On a cool, breezy fall day, half a million New Yorkers gathered at Central Park to lay eyes and ears to a reunion that few thought would ever happen: Paul Simon and Art Garfunkel.

The success of that redefining day, on Sept. 19, 1981, would go on to launch a reunion tour… and another breakup. 

The crowd, the largest ever in the park at that time, was estimated at 500,000. At the time, PEOPLE reported that attendees ranged from “teens in denim and down to 40ish folkies,” and they all got what they wanted, as the famed duo flawlessly harmonized 20 songs, including “The Boxer,” “Mrs. Robinson,” “Homeward Bound” and “Scarborough Fair”.

Still, the tension around Simon & Garfunkel was palpable.

“They took a terrible risk,” one Simon associate told PEOPLE. “They could have not agreed on anything. Everybody sort of felt at one point or another, ‘God, I wish they’d never done this.’ It was like going on vacation with your ex-wife.”
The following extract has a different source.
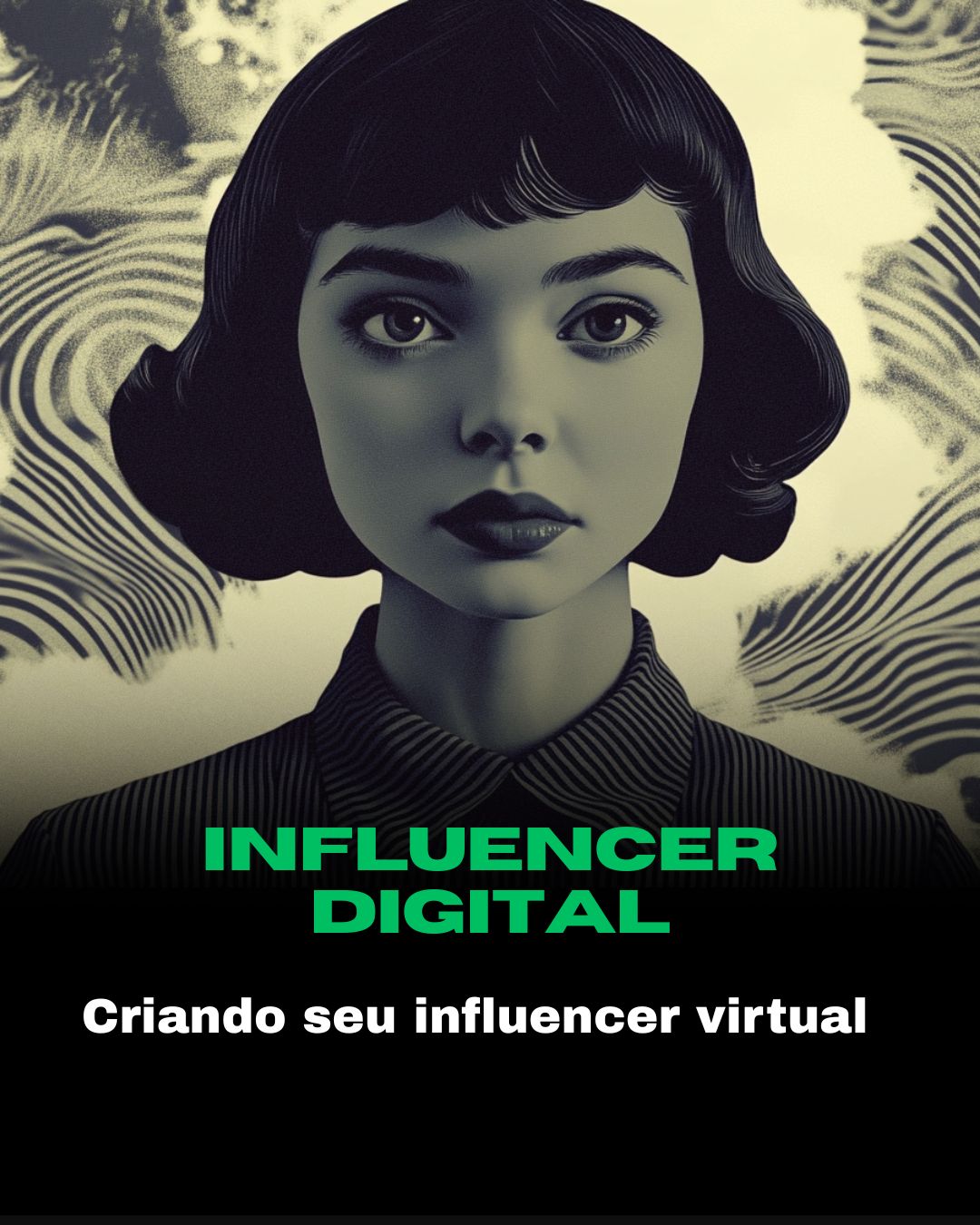 Influencer Digital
Friends since elementary school, Simon & Garfunkel were one of the best-selling acts of the 1960s, but they split in 1970 due to creative differences following the success of that year’s album, Bridge over Troubled Water.

Although the men managed to get together sparingly over the next decade, their first legitimate full concert together in 11 years came on the Great Lawn of Manhattan’s most famous park

“This was a one-time get-together,” Simon’s personal manager, Ian Hoblyn, said then. “Still, they saw that crowd, and somewhere in the recesses, though not consciously, they must have felt, ‘Hey, look what we could do.’ ”

A triumphant event, Simon & Garfunkel did attempt to reunite after, particularly given that both of their solo careers were lagging. 

In last year’s new documentary “In Restless Dreams: The Music of Paul Simon,” the 16-time GRAMMY winner recalled Central Park organizers coming to him after the “flop” of his 1980 album One-Trick Pony.

“When they asked me to do a concert in Central Park, I thought, ‘Well I just had this big flop, maybe I should ask Artie to come and sing some songs on this,’ ” he said. 

Art Garfunkel and Paul Simon perform at Central Park.

Derek Hudson/Getty


Initially, the two assumed their free concert would be a small benefit show for the park’s redevelopment and maintenance, but then 500,000 people turned up. The show, however, wasn’t without one tense moment when a concertgoer jumped on stage as Simon sang. Garfunkel was off to the side, watching the episode unfold with no reaction, which Simon found telling.

“The thing that’s interesting about it is like, my band, they’re ready to jump in,” Simon said. “Artie was sitting on the air… he was not taking a bullet for me.”

Regardless, due to the success of the concert, Simon, 83, said he was “forced” into a reunion tour, but wanted to start on the right foot, so he decided to forget his past grievances with Garfunkel, 83. 

“We were famously antagonistic, but I thought, ‘You know what? I am going to put that all aside and have a good reunited tour with Artie.’ ”

Soon, Simon announced that an album he’d been working on, Hearts and Bones, would be a Simon & Garfunkel record. However, that all changed when the duo disagreed on the album’s production, leading to another breakup. 

The album eventually became a solo album for Simon.

While the Central Park concert appeared to be a turning point for Simon & Garfunkel, in reality, it marked the beginning of the end again.

“The breakup that happened after [Garfunkel’s 1970 film] Catch-22 was never repaired,” Simon explained. “It was just a bandage put over it. But the bandage was such a luxurious bandage — the concert in Central Park — we forgot that essentially, we were done as a team.” 

Although the concert is no longer the most attended in Central Park’s history, it remains among the largest. Simon played in the park again in 1991.